Dans l'Est, longtemps bloqués autour d'Ajdabiya, noeud de communication stratégique à 160 km au sud de leur fief Benghazi, les rebelles ont avancé samedi d'une quarantaine de kilomètres à l'ouest, en direction du site pétrolier de Brega.

Mais à mi-chemin entre les deux villes, distantes de 80 km, des tirs de roquettes des forces gouvernementales ont fait au moins six morts et 20 blessés, selon des responsables de l'hôpital d'Ajdabiya, où les victimes ont été transportées.

Trois morts étaient carbonisés, et de nombreux blessés portaient des marques de brûlures. Certains avaient le corps couvert de pansements et plusieurs devaient être évacués à Benghazi, selon un journaliste de l'AFP.

«J'étais là-bas, au km 40. Il y a beaucoup de petites roquettes Grad qui nous sont tombées dessus», a raconté à l'AFP Maher Salim, un combattant de 30 ans.

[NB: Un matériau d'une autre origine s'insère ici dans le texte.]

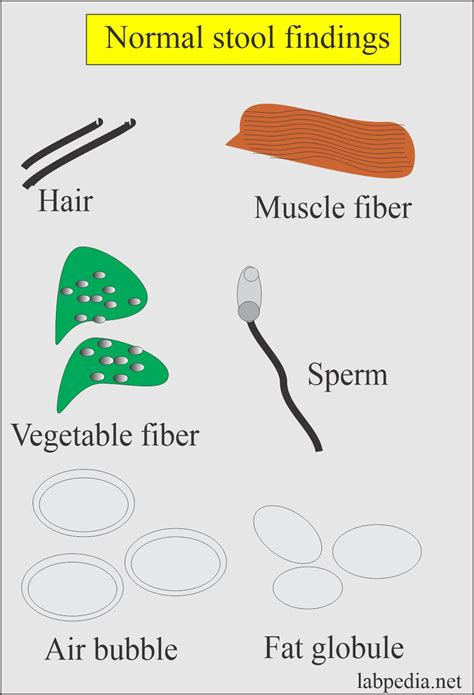 Stool Examination:- Part 1 - Normal Stool Examination Findings ...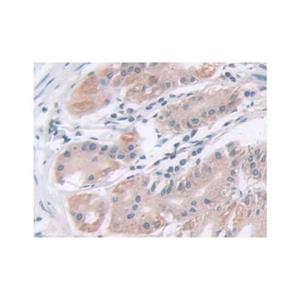 IDH2 Antibody,IDH2 Antibody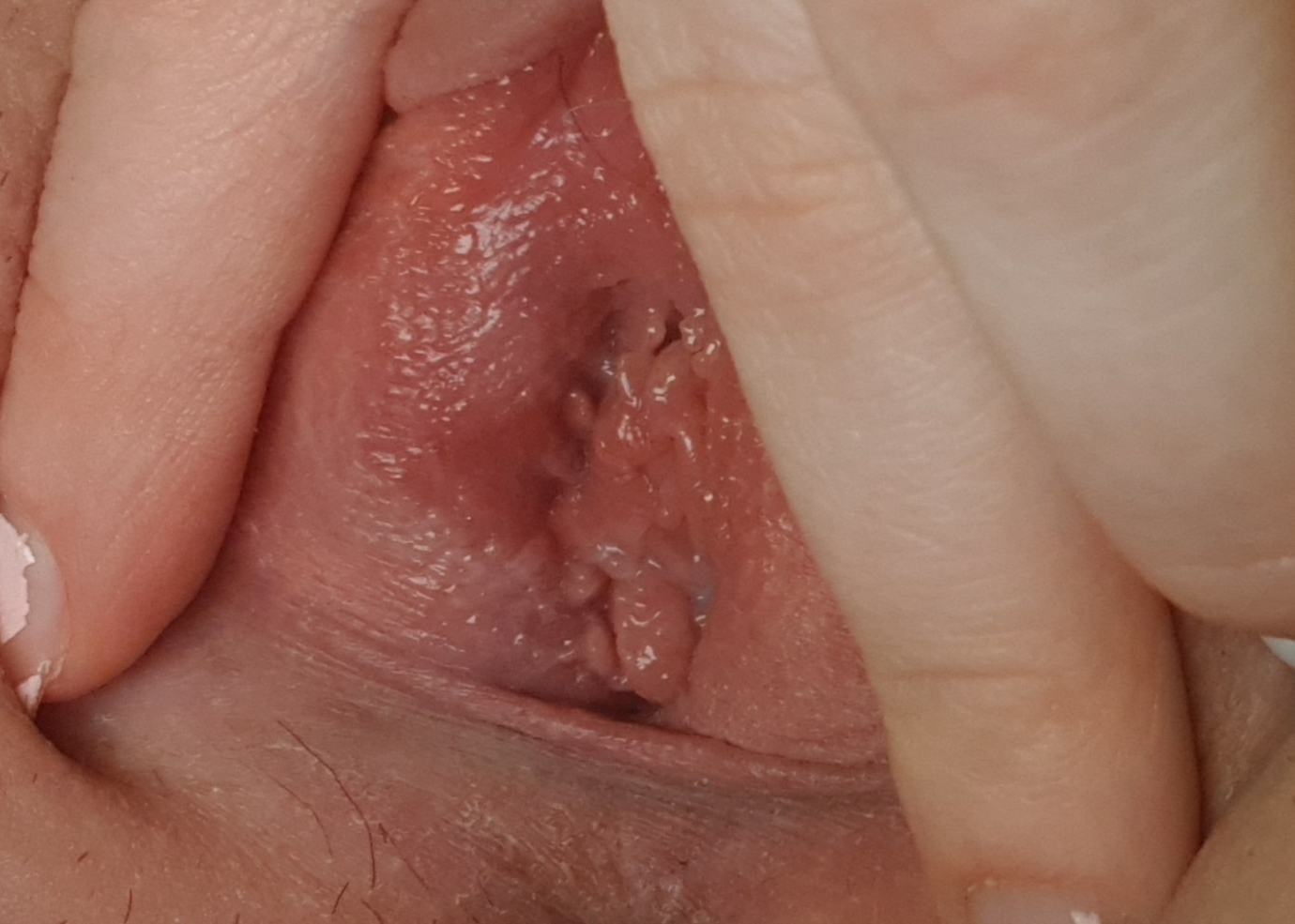 Swollen Vagina Or Vulva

Les avions de l'Otan ont intensifié leur activité dans la zone ces trois derniers jours. Selon les rebelles, ils ont mené des raids aériens afin de leur dégager le terrain et faciliter leur progression vers Brega.

Plus à l'ouest, des raids aériens de l'Otan ont visé Syrte, ville natale du dirigeant libyen Mouammar Kadhafi, et la région d'Al-Hira, au sud-ouest de Tripoli, selon l'agence officielle libyenne Jana.

Selon de hauts responsables américains et de l'Alliance atlantique cités vendredi par le Washington Post, les forces de l'Otan se trouvent à court de bombes de précision et d'autres types de munitions, une pénurie qui révèle les limites du Royaume-Uni, de la France et des autres pays européens engagés à mener dans la durée une opération militaire relativement modeste.

Le ministre français de la Défense Gérard Longuet a lui estimé qu'il «y avait un certain risque» que le conflit «puisse durer (...) car Kadhafi et la Libye ne sont pas totalement prévisibles», dans un entretien au quotidien français Le Parisien.

Dans une tribune commune publiée vendredi dans quatre quotidiens, le président américain Barack Obama, le premier ministre britannique David Cameron et le président français Nicolas Sarkozy ont déclaré qu'il était «impossible d'imaginer que la Libye ait un avenir avec Kadhafi».

Selon le New York Times, le gouvernement américain cherche un pays susceptible d'accueillir le colonel, probablement un État n'ayant pas ratifié le Traité de Rome qui oblige les pays à livrer quiconque est inculpé par la Cour pénale internationale.